Instructions for the task
Go through the material below and copy each line exactly.

◆ ◆ ◆ ◆ ◆ ◆ ◆

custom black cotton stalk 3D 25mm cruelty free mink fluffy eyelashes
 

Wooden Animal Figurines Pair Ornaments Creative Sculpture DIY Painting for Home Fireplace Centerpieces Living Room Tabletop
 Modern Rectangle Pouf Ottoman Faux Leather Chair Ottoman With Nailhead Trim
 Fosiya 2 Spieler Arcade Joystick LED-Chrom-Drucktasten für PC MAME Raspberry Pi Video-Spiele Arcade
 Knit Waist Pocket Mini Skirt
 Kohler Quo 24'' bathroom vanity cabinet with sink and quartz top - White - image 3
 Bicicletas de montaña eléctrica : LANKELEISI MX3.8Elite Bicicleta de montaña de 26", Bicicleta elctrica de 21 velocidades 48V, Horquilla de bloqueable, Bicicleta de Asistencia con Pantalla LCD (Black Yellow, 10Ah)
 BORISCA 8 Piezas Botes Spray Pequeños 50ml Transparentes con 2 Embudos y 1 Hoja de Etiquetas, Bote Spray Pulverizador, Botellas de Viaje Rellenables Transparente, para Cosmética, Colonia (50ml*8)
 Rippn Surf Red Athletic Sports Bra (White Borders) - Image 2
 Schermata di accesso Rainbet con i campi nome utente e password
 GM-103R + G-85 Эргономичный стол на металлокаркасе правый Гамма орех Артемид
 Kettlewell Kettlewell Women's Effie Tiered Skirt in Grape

◆ ◆ ◆ ◆ ◆ ◆ ◆

Answer to the exercise
custom black cotton stalk 3D 25mm cruelty free mink fluffy eyelashes
 

Wooden Animal Figurines Pair Ornaments Creative Sculpture DIY Painting for Home Fireplace Centerpieces Living Room Tabletop
 Modern Rectangle Pouf Ottoman Faux Leather Chair Ottoman With Nailhead Trim
 Fosiya 2 Spieler Arcade Joystick LED-Chrom-Drucktasten für PC MAME Raspberry Pi Video-Spiele Arcade
 Knit Waist Pocket Mini Skirt
 Kohler Quo 24'' bathroom vanity cabinet with sink and quartz top - White - image 3
 Bicicletas de montaña eléctrica : LANKELEISI MX3.8Elite Bicicleta de montaña de 26", Bicicleta elctrica de 21 velocidades 48V, Horquilla de bloqueable, Bicicleta de Asistencia con Pantalla LCD (Black Yellow, 10Ah)
 BORISCA 8 Piezas Botes Spray Pequeños 50ml Transparentes con 2 Embudos y 1 Hoja de Etiquetas, Bote Spray Pulverizador, Botellas de Viaje Rellenables Transparente, para Cosmética, Colonia (50ml*8)
 Rippn Surf Red Athletic Sports Bra (White Borders) - Image 2
 Schermata di accesso Rainbet con i campi nome utente e password
 GM-103R + G-85 Эргономичный стол на металлокаркасе правый Гамма орех Артемид
 Kettlewell Kettlewell Women's Effie Tiered Skirt in Grape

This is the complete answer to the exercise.